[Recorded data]
_ _ _ _ _

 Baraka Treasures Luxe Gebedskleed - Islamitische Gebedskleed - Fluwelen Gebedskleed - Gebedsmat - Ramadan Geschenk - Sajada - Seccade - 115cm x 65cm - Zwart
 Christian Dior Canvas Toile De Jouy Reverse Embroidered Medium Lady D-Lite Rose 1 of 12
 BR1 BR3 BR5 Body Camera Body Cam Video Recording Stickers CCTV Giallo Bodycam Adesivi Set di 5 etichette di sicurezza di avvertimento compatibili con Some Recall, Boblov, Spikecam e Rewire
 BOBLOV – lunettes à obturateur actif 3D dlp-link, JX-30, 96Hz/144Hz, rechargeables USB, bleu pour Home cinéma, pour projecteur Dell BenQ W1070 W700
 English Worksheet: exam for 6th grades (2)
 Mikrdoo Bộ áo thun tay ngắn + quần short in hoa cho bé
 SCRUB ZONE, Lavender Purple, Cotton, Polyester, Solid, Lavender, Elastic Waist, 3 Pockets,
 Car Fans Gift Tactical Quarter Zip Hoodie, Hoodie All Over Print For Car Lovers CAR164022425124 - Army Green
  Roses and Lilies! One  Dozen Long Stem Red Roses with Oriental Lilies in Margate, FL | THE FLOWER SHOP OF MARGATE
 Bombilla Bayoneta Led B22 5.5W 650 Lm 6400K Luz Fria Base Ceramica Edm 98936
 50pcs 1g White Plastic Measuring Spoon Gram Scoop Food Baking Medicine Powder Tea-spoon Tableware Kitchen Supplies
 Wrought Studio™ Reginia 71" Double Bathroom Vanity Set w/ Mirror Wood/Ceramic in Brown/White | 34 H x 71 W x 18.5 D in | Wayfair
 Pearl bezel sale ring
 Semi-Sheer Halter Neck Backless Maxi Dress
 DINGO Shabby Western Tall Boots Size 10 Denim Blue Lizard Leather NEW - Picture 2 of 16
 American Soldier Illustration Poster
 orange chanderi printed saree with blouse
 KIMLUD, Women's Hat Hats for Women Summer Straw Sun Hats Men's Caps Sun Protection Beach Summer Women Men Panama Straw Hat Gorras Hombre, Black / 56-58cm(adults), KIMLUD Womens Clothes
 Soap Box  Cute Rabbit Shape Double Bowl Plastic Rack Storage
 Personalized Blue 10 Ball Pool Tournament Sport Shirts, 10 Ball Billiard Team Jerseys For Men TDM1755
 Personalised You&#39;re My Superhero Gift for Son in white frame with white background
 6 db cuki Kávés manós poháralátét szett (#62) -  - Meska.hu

_ _ _ _ _

Directions:
What is needed here is an exact reproduction of all the entries.

Solution for this task:
 Baraka Treasures Luxe Gebedskleed - Islamitische Gebedskleed - Fluwelen Gebedskleed - Gebedsmat - Ramadan Geschenk - Sajada - Seccade - 115cm x 65cm - Zwart
 Christian Dior Canvas Toile De Jouy Reverse Embroidered Medium Lady D-Lite Rose 1 of 12
 BR1 BR3 BR5 Body Camera Body Cam Video Recording Stickers CCTV Giallo Bodycam Adesivi Set di 5 etichette di sicurezza di avvertimento compatibili con Some Recall, Boblov, Spikecam e Rewire
 BOBLOV – lunettes à obturateur actif 3D dlp-link, JX-30, 96Hz/144Hz, rechargeables USB, bleu pour Home cinéma, pour projecteur Dell BenQ W1070 W700
 English Worksheet: exam for 6th grades (2)
 Mikrdoo Bộ áo thun tay ngắn + quần short in hoa cho bé
 SCRUB ZONE, Lavender Purple, Cotton, Polyester, Solid, Lavender, Elastic Waist, 3 Pockets,
 Car Fans Gift Tactical Quarter Zip Hoodie, Hoodie All Over Print For Car Lovers CAR164022425124 - Army Green
  Roses and Lilies! One  Dozen Long Stem Red Roses with Oriental Lilies in Margate, FL | THE FLOWER SHOP OF MARGATE
 Bombilla Bayoneta Led B22 5.5W 650 Lm 6400K Luz Fria Base Ceramica Edm 98936
 50pcs 1g White Plastic Measuring Spoon Gram Scoop Food Baking Medicine Powder Tea-spoon Tableware Kitchen Supplies
 Wrought Studio™ Reginia 71" Double Bathroom Vanity Set w/ Mirror Wood/Ceramic in Brown/White | 34 H x 71 W x 18.5 D in | Wayfair
 Pearl bezel sale ring
 Semi-Sheer Halter Neck Backless Maxi Dress
 DINGO Shabby Western Tall Boots Size 10 Denim Blue Lizard Leather NEW - Picture 2 of 16
 American Soldier Illustration Poster
 orange chanderi printed saree with blouse
 KIMLUD, Women's Hat Hats for Women Summer Straw Sun Hats Men's Caps Sun Protection Beach Summer Women Men Panama Straw Hat Gorras Hombre, Black / 56-58cm(adults), KIMLUD Womens Clothes
 Soap Box  Cute Rabbit Shape Double Bowl Plastic Rack Storage
 Personalized Blue 10 Ball Pool Tournament Sport Shirts, 10 Ball Billiard Team Jerseys For Men TDM1755
 Personalised You&#39;re My Superhero Gift for Son in white frame with white background
 6 db cuki Kávés manós poháralátét szett (#62) -  - Meska.hu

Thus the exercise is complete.